The UK production system leaves international rights to producers rather than the networks who order them (although global streamers have changed that somewhat), but Pitts said the merger with Greenbird would not automatically result in STV launching its own global distribution business at ITV and the BBC. Instead, they would continue to work with third-party distributors on individual programs – Banijay Rights sells the well-travelled programs lego masterFor example.
“Greenbird and STV Studios have actively maintained their distribution-neutral status over the past several years,” said Pitts. “It’s an advantage to have the best individual shows with different people instead of just having one partner.”

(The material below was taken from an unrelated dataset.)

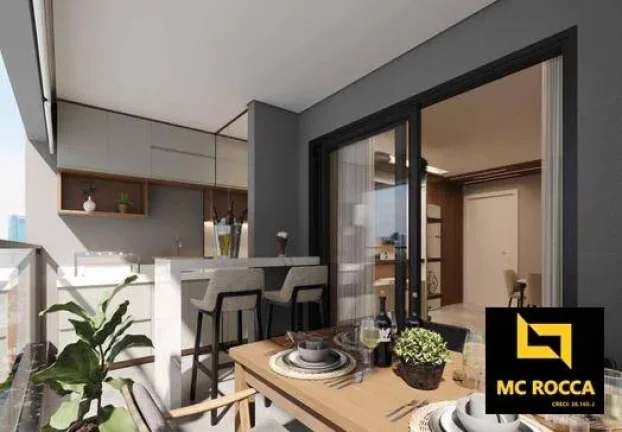 Imagem Apartamento 3 dormitórios - Vega Bairro Jardim - Santo André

He added that with the “extended reach and more intellectual property rights,” STV Studios will consider “international and UK expansion with second-hand sales,” adding, “We’ll be doing that alongside our Greenbird peers, but so far have we benefited from it.” be different while remaining neutral.”
Pitts also addressed the challenges of running a large terrestrial network at a time of economic turmoil, declining advertising markets and ailing streaming models. As an advertising-financed broadcaster in Scotland, STV is more concerned with the ailing TV advertising market than with the writers’ strike and the upcoming actors’ strike in the US. Pitts was generally optimistic about advertising.
“The advertising market is cautious and subdued in the first quarter of this year and that has continued into the second quarter – in line with the rest of the economy in the UK and elsewhere,” he said. “But advertising is very resilient. The Covid case study shows us how quickly it bounces back after shocks. It was assumed that it would take several years for the pandemic to recover, but that happened in 2021. The total amount of advertising revenue in the first quarter of 2023 was higher compared to 2019.”
“TV advertising is resilient, but people are cautious at the moment. When it comes to content demand, we’ve found that commissioners are more cautious,” Pitts said. “This is cyclical and demand will come back strongly. Our job is to ensure we have the most impressive network of creatives to capitalize on.”